EXERCISE DETAILS: What you should end up with is an exact copy of the lines from the one holding "2 Nice Buffalo Nickels in Holders" through the last line of the entries below, both included, and nothing else; leave every picture out.

Brief descriptive captions:
+--

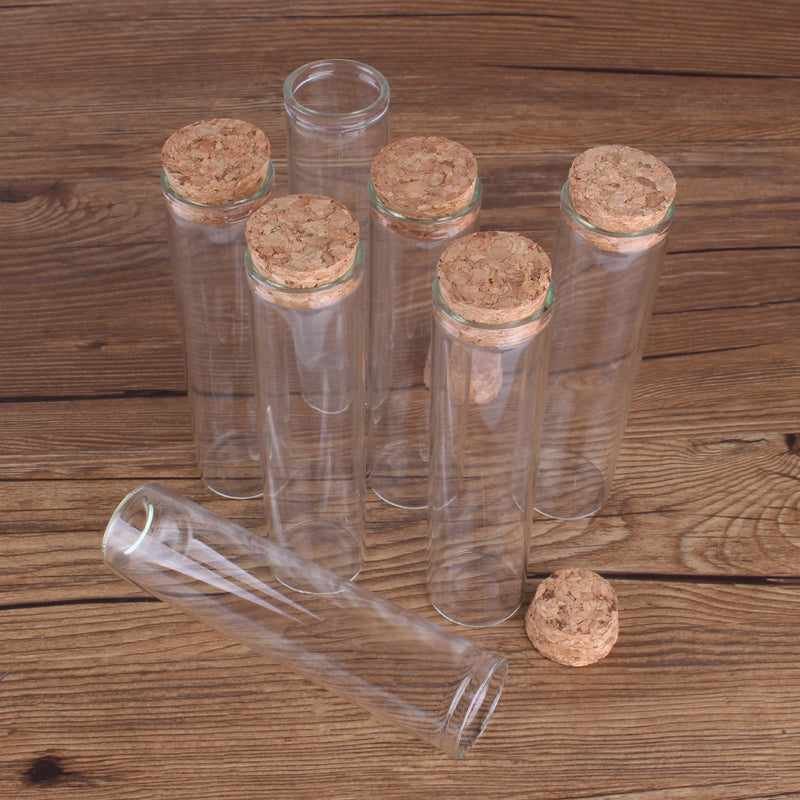 15ml/25ml/30ml/35ml/40ml/45ml/50ml/55ml/60ml/80ml/100ml Small Glass Test Tube with Cork Stopper Bottles Jars Vials 24 pieces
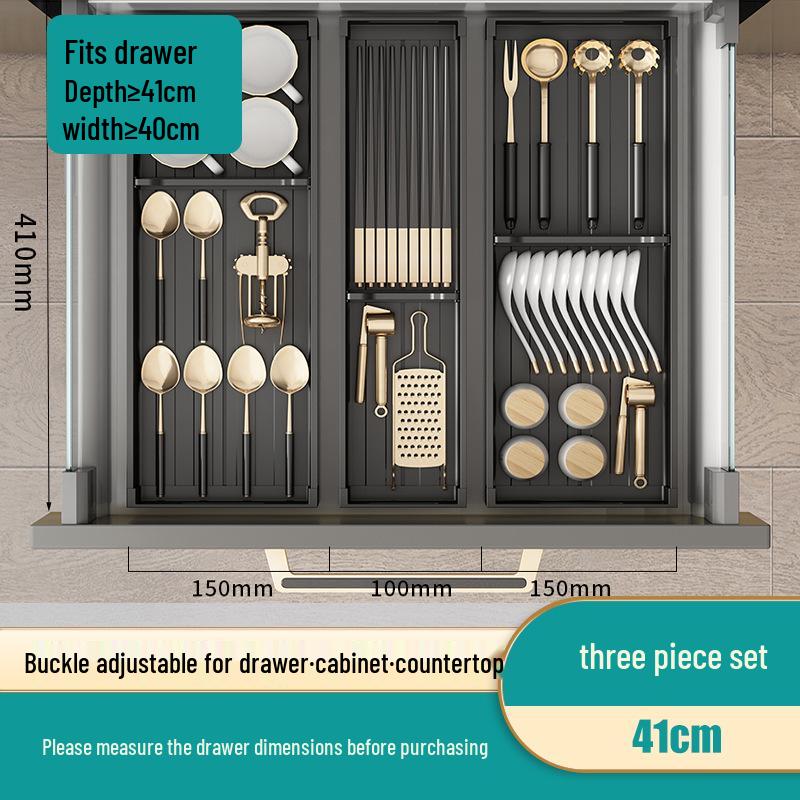 Kitchen Dish Drying Rack with Cutlery Holder and Drawer Organizer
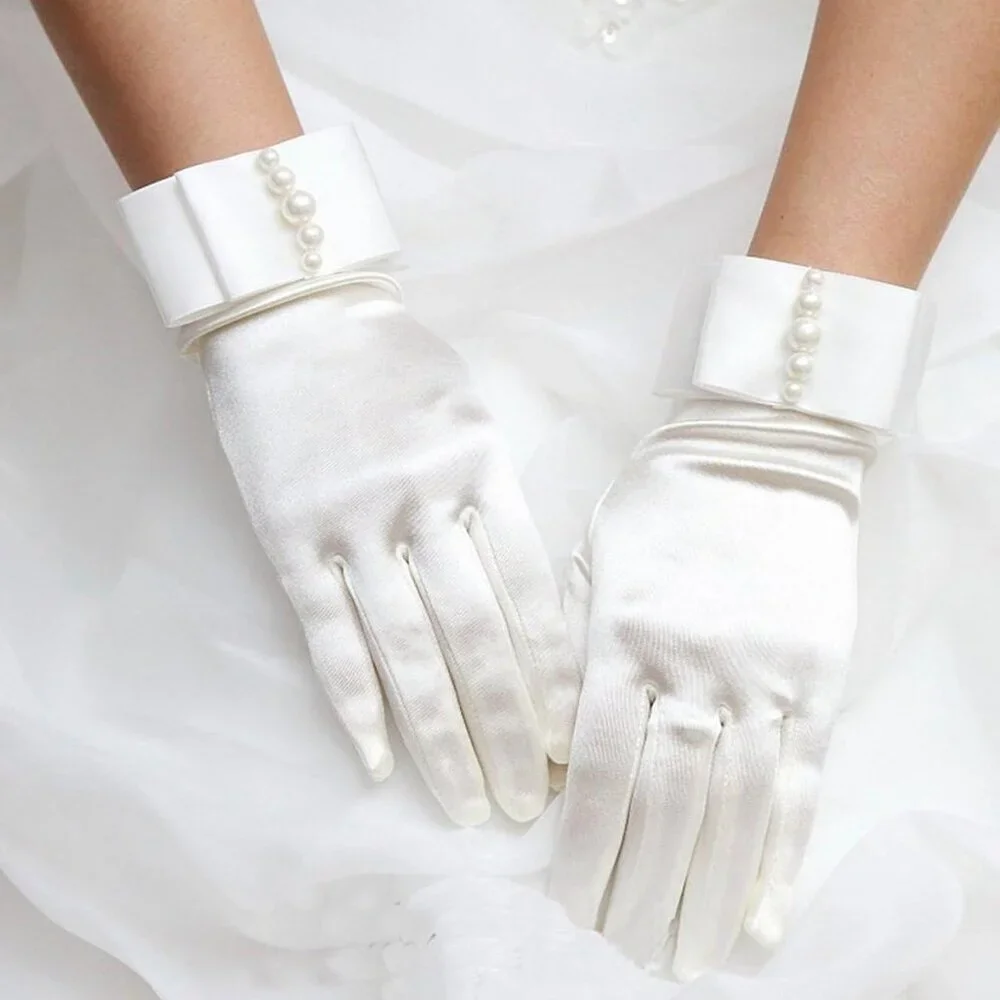 Women's Embellished Satin White Pearl Bow Gloves Elegant Finger Accessory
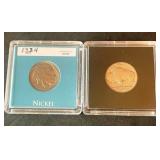 2 Nice Buffalo Nickels in Holders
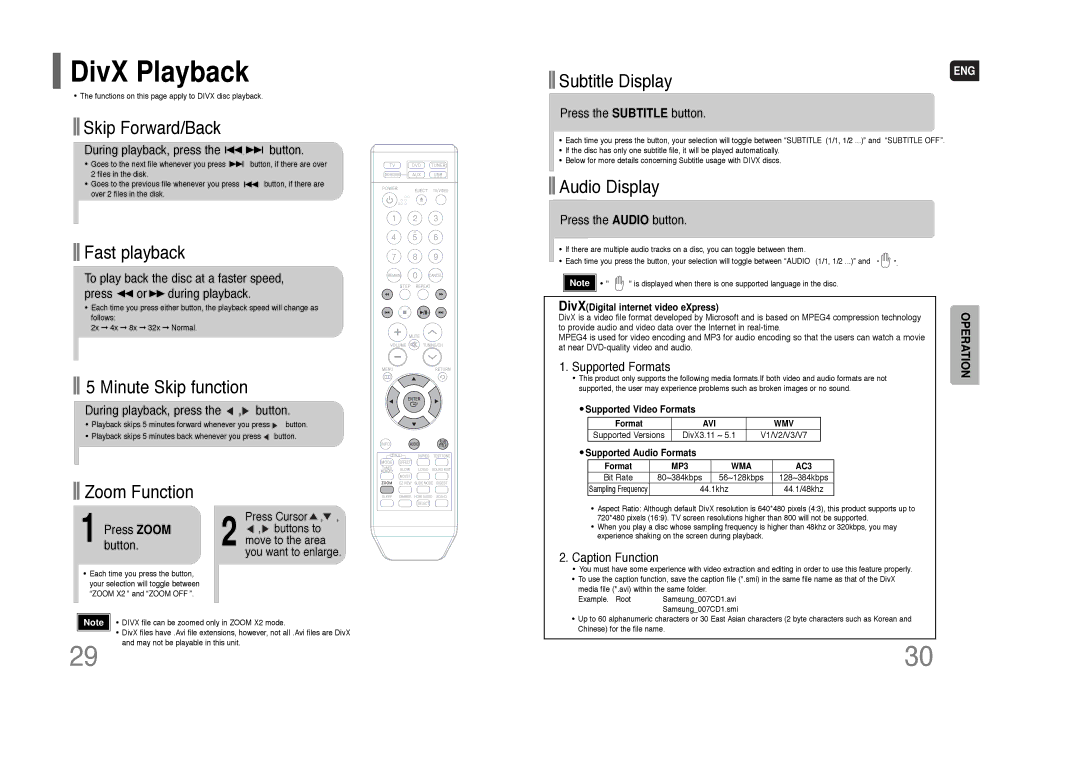 Samsung HT-XQ100 instruction manual DivX Playback 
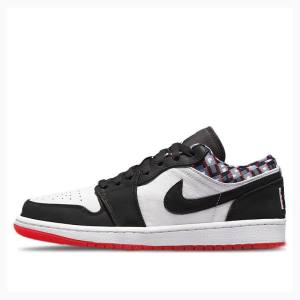 White / Black / Red Nike Low Quai 54 Sneakers Men's Air Jordan 1 | JD-973PE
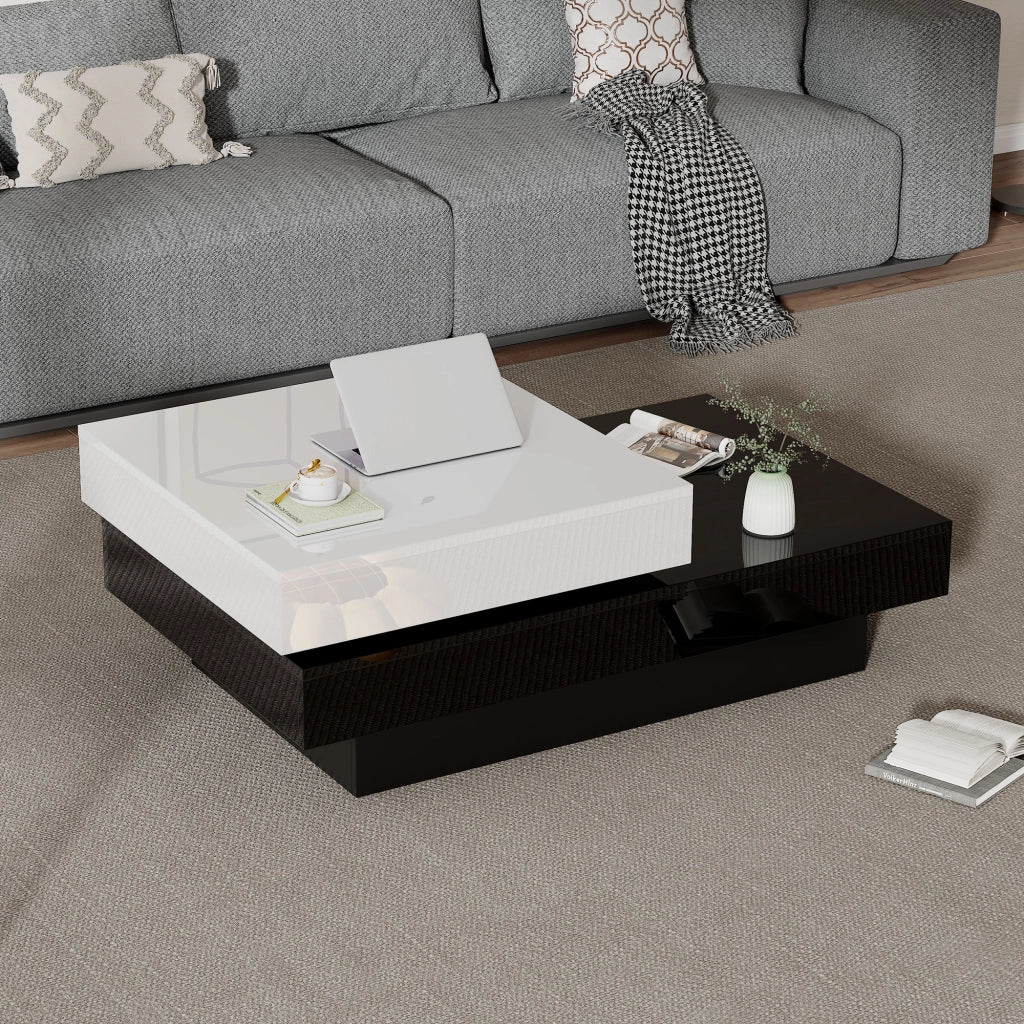 Tavolino da caffè girevole con 2 livelli e 2 vani aperti; piano lucido; per soggiorno; bianco e nero 103 × 60 × 35.5 cm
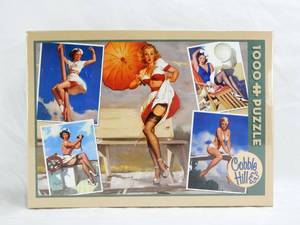 lot 41 image: Cobble Hill Gil Elvgren Seaside Attractions Pin Up 1000 Piece Sealed Puzzle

+--

SOLUTION FOR THIS PROBLEM:
 2 Nice Buffalo Nickels in Holders
 Samsung HT-XQ100 instruction manual DivX Playback 
 White / Black / Red Nike Low Quai 54 Sneakers Men's Air Jordan 1 | JD-973PE
 Tavolino da caffè girevole con 2 livelli e 2 vani aperti; piano lucido; per soggiorno; bianco e nero 103 × 60 × 35.5 cm
 lot 41 image: Cobble Hill Gil Elvgren Seaside Attractions Pin Up 1000 Piece Sealed Puzzle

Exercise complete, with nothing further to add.